Nel 2026 la provincia di Lecce registra una crescita significativa nel volume delle consegne, con un aumento dei pacchi pari al +24% rispetto all’anno precedente. Un dato che conferma il consolidamento dell’e-commerce e delle nuove abitudini di consumo, ma che racconta anche una trasformazione più ampia: l’evoluzione della logistica verso modelli sempre più efficienti e fortemente improntati alla sostenibilità.
Nuove assunzioni
A sostenere questo incremento è la rete di recapito di Poste Italiane, rafforzata negli ultimi mesi anche attraverso l’ingresso in servizio a tempo indeterminato di 36 nuovi operatori nel settore del recapito e della logistica, per consolidare la struttura organizzativa e far fronte al significativo aumento dei volumi di pacchi consegnati sul territorio. La selezione ha coinvolto anche personale con esperienza pregressa in azienda che aveva già ricoperto il ruolo di portalettere o addetto allo smistamento con uno o più contratti a tempo determinato per almeno sei mesi, valorizzando così le competenze acquisite sul campo e favorendo percorsi di stabilizzazione occupazionale.
L’esperienza di Marco
Marco Mancarella è una delle nuove assunzioni effettuate a Lecce. 29 anni, laureato in economia aziendale, da inizio giugno è entrato stabilmente in Poste Italiane dopo un’esperienza a tempo determinato presso l’ufficio di recapito di Copertino. Oggi il suo giro lo porta a consegnare nelle marine del Salento, tra lidi, villaggi turistici, attività commerciali e alcune delle aziende vinicole più conosciute della zona, fino alla pista automobilistica di Nardò, dove effettua consegne anche alle case automobilistiche. “Sono stato assunto a inizio giugno e da allora ho visto crescere il turismo giorno dopo giorno, così come è aumentato il numero dei pacchi da consegnare - racconta Marco Mancarella -. Nelle marine incontro tanti inglesi, tedeschi, francesi e italiani provenienti da tutte le regioni. Il turista cerca soprattutto accoglienza e credo che noi, su questo, siamo molto bravi. Mi è capitato anche di trovare su un pacco, come indicazione per la consegna, il numero e la fila dell’ombrellone, ma in quel caso ho preferito chiamare il cliente e chiedergli di avvicinarsi. Cerco sempre, però, di essere molto disponibile e di andare incontro alle loro esigenze. Parto da Lecce e arrivo fino a Punta Prosciutto, passando per Porto Cesareo, Leverano e Veglie. Nel mio giro consegno ai lidi, ai villaggi turistici, alle attività del centro, alle pescherie e anche ad alcune tra le aziende vinicole più conosciute del Salento, attraversando i filari. È un percorso particolare, che mi permette di vedere il territorio a 360 gradi. Arrivo anche alla pista di Nardò, dove i livelli di sicurezza sono molto elevati anche per effettuare una semplice consegna, e dove recapito sia ai dipendenti sia direttamente alle case automobilistiche. L’unico aspetto negativo del mio giro è il traffico, soprattutto in alta stagione: quando parto per il mio giro, devo metterlo in conto”.
Green delivery
Parallelamente alla crescita occupazionale, si rafforza anche la transizione verso la green delivery.

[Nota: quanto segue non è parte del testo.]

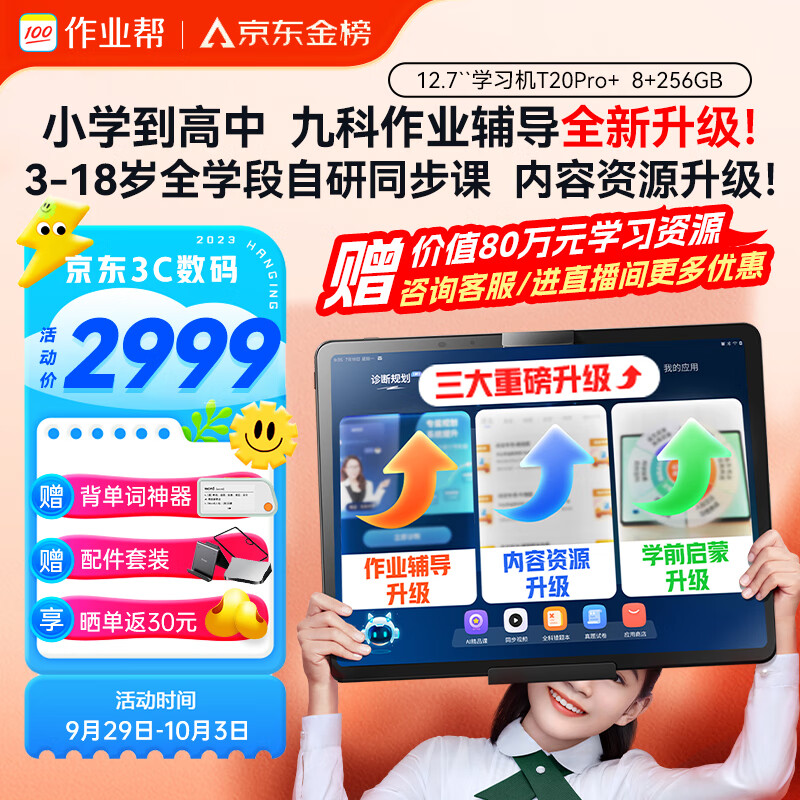 作业帮AI学习机T20Pro+全科顶配版 学习平板小学到高中全科作业辅导【赠价值80万资料】家教机12.7英寸8+256G高性价比高么？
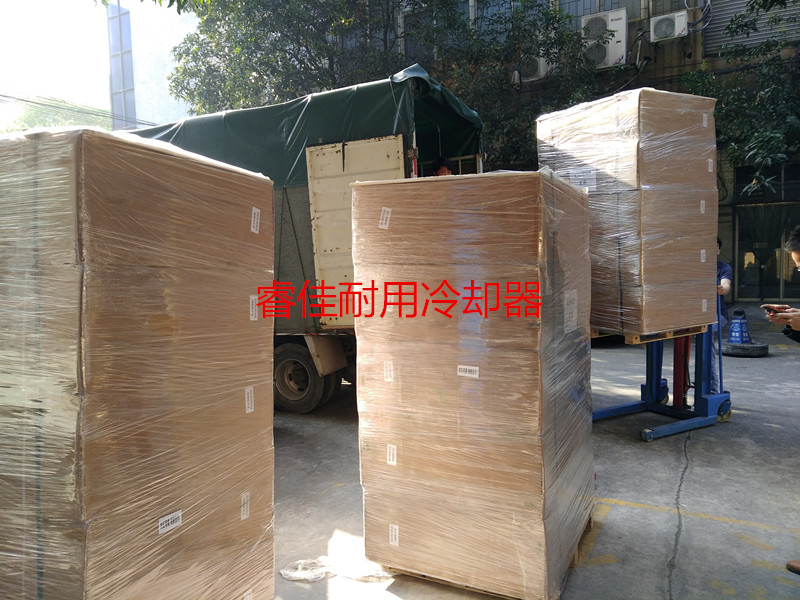 睿佳冷卻器裝車發(fā)貨.jpg 睿佳冷卻器裝車發(fā)貨.jpg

Sul territorio provinciale sono infatti già operativi 74 veicoli totalmente elettrici, a conferma di un progresso concreto nella gestione dell’“ultimo miglio”, il segmento tradizionalmente più critico dal punto di vista ambientale. In questo scenario, l’aumento dei volumi non si traduce in un maggiore impatto ambientale, ma al contrario accelera l’adozione di soluzioni a basse emissioni.
Capillarità territoriale
Nel caso della provincia di Lecce, l’impiego di una flotta progressivamente elettrificata consente di ridurre le emissioni per singola consegna, soprattutto nei centri urbani, dove le tratte sono più brevi ma più frequenti. Nei centri urbani e nelle aree più dense stanno inoltre trovando sempre maggiore utilizzo tricicli e quadricicli elettrici, particolarmente adatti a muoversi con agilità e senza emissioni, migliorando efficienza e sostenibilità del servizio. Un ruolo chiave è svolto anche dall’infrastruttura di prossimità. Nella provincia sono presenti circa 450 punti di ritiro tra uffici postali e locker: una capillarità territoriale che rappresenta un asset strategico, perché concentra i flussi logistici, riduce drasticamente i tentativi di consegna a vuoto e offre ai cittadini una maggiore flessibilità per il ritiro dei propri acquisti.